寒くなったからでしょうか。
それともたまたまでしょうか。
ここ数日、毎日のように便栓塞の患者さんが来られて摘便三昧となっております
便栓塞とはいわゆる「糞詰まり」のことです
詰まった便は頑張っても出ないので、指でほぐしたりして掘り出すのです。
業界では「便堀り」とも言われています。
一般的には看護師が摘便をするようですが、肛門科を専門にしている医師は決して看護師にさせません。
医師自らがやります。
摘便は肛門科医の仕事だと教えられ、指導医がやっている摘便を見て、ちゃんと出来るようにトレーニングを積んできています。
看護師が行う摘便と随分違うと思います。
私たちは指で便を摘出するだけでなく、摘便ヘラという特殊な形状をした器具を使って便を出します。
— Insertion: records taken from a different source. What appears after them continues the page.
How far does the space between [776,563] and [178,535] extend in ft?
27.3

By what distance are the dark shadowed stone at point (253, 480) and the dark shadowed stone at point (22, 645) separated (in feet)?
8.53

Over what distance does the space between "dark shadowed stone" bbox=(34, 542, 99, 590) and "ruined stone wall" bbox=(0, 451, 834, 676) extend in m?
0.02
この摘便ヘラを使えば指で出しにくい軟便もスイスイ、ホイホイと出せます。
指で出すよりも直径が小さくてすむため、肛門が狭い患者さんにも安全に苦痛なく便出しが出来ます。
毎日便が出てたのに糞詰まりになった人
3日出てない人
1週間出てない人
2週間出てない人
で便の性状も量も随分違います。
当然、出ていない日数が長いほど便は硬く古くなり、大きな塊になります。
指でほぐして、ちょっとつぶして砕いて、小さくして少しずつ出すのですが、この作業すら出来ないくらい、カチンコチンに便が固まって、岩のようになっている患者さんも経験あります。
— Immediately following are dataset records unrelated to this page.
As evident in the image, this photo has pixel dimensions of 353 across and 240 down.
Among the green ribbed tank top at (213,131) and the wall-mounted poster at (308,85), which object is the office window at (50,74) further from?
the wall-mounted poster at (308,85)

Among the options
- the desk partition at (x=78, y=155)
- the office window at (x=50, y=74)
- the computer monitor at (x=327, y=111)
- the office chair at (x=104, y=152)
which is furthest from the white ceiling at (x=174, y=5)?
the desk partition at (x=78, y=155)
巨大ウンコになると肛門の穴をいくら広げても通過できないので本当に大変です
通常の摘便と便出しで1時間くらい、溜まっている便の量が多いと2〜3時間かかります。
そして診察室は掘り出した便のニオイで大変なことに・・・
だから強力な脱臭機を備えていますよ
これがあれば診察室がトイレ状態になるのを防げます。
と言いたいところですが・・・
ここ最近の患者さんは便を溜めすぎたのか、脱臭機でも追いつかず、結局、窓を開けて換気し、消臭スプレーを部屋中にまいて対処しました
次の患者さんを入れる前にニオイ問題を解決しないといけないため、お待たせしてしまうのです。
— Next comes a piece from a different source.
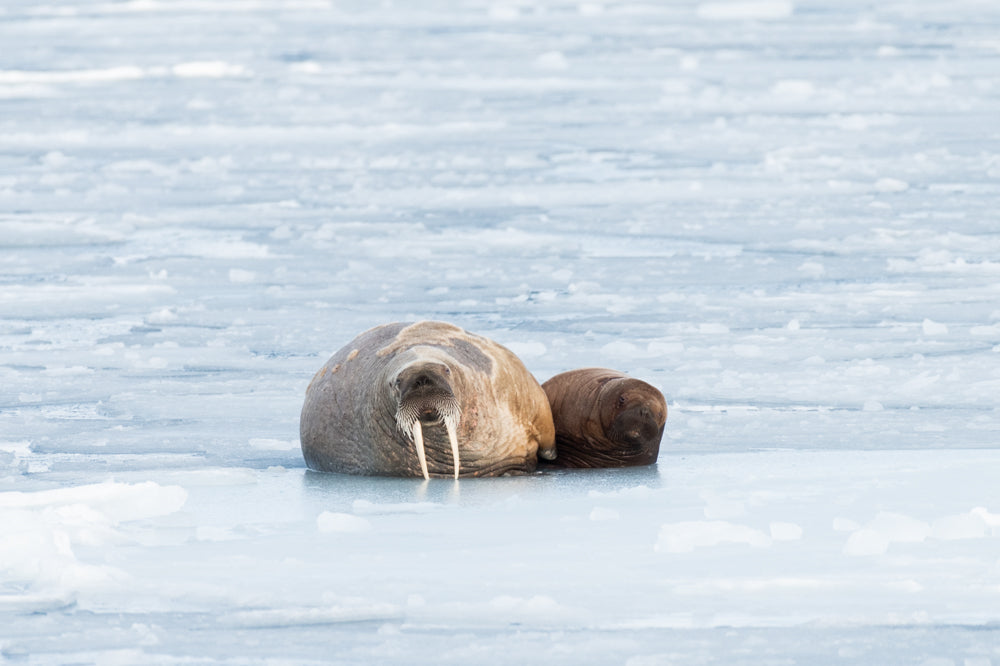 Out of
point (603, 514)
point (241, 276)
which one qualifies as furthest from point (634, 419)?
point (241, 276)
ちょっと入って来られたときにニオイに気付かれた患者さんもおられたかもしれません
失礼しました
摘便をした女性患者さんの多くが
まるでお産のようでした
と言われます
お産で出てくるのは赤ちゃんですが、摘便で出てくるのは古くなってかなりニオイのキツイ排泄物。
どうせ溜めるなら、もっとイイ物を溜めましょうね
明日で年内最終の診察日。
午前・午後ともに予約が一杯でしたが15時に1枠だけキャンセルが出ました。
ネットからも予約出来ます。
ただし待ち時間がかなり発生しますので、覚悟の上、ご来院ください
摘便が必要な患者さんは時間外に駆け込み受診するケースがほとんどのため、予約がいっぱいだと対応が難しくなります。
どうか早めに受診をお願いします
もうちょっと頑張れば出るかな・・・
あと1日様子見よう・・・
などと言わず、出口に便が残っている、詰まっている感じがする場合は早めに受診しましょう。
特に年末年始は医療機関も閉まっています。
救急病院には肛門科医は居ませんから、摘便もしてもらえないことが多いようです。
だから詰まらせないように日頃からちゃんと便を出しておきましょうね。